Mata Indonesia, Jakarta – Siapa yang tak akan menjerit hati dan pikirannya ketika dijatuhi hukuman mati oleh Hakim. Denyut penyesalan, dan tundukan lesu sudah tak lagi berarti. Itulah yang keliatannya dialami Ferdy Sambo saat divonis hukuman mati atas pembunuhan berencana Brigadir Yosua dan perintangan penyidikan di Pengadilan Negeri Jakarta Selatan, Senin (13/02).
Istrinya, Putri Candrawathi, yang juga terlibat dalam kasus pembunuhan ini, divonis 20 tahun penjara atas keterlibatannya dalam pembunuhan tersebut.
Sementara sopir keluarga mantan Kadiv Propam Polri Ferdy Sambo, Kuat Ma’ruf, yang dinyatakan bersalah lantaran turut serta melakukan pembunuhan berencana terhadap Brigadir Yosua, di jatuhkan pidana 15 tahun penjara.
Ketiganya dinyatakan terbukti secara sah dan meyakinkan terlibat serta melakukan pembunuhan berencana pada Yosua. Vonis ketiganya lebih berat dari tuntutan Jaksa Penuntut Umum (JPU).
Terdakwa Ferdy Sambo, yang dinyatakan terbukti secara sah dan meyakinkan bersalah melakukan tindak pidana, turut serta melakukan pembunuhan. Vonis tersebut lebih berat dari tuntutan JPU dengan hukuman penjara seumur hidup.

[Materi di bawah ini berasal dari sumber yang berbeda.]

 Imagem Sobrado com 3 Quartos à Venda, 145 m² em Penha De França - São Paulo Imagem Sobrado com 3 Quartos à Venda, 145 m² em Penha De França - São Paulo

Yang memberatkan Ferdy, antara lain: pembunuhan itu dilakukan kepada ajudannya sendiri. Perbuatan itu mengakibatkan luka yang mendalam kepada keluarga Yosua serta kegaduhan yang meluas di masyarakat.
Majelis hakim menilai perbuatan Ferdy tidak sepantasnya dilakukan sebagai aparat penegak hukum dan pejabat utama Polri, yaitu Kadiv Propam Polri yang sesungguhnya menjadi “polisinya polisi”, dinilai telah mencoreng institusi Polri di mata masyarakat Indonesia dan dunia internasional.
Selain itu menurut majelis hakim, Ferdy Sambo “berbelit-belit saat memberikan keterangan di persidangan dan tidak mengakui perbuatannya”. Akhirul kalam, Majelis hakim menilai tidak ada hal yang meringankan hukuman Ferdy.
Ibu kandung Yosua, Rosti Simanjuntak menangis ketika mendengar vonis Sambo. Ia hanya mengucapkan “Terima kasih dan bersyukur.”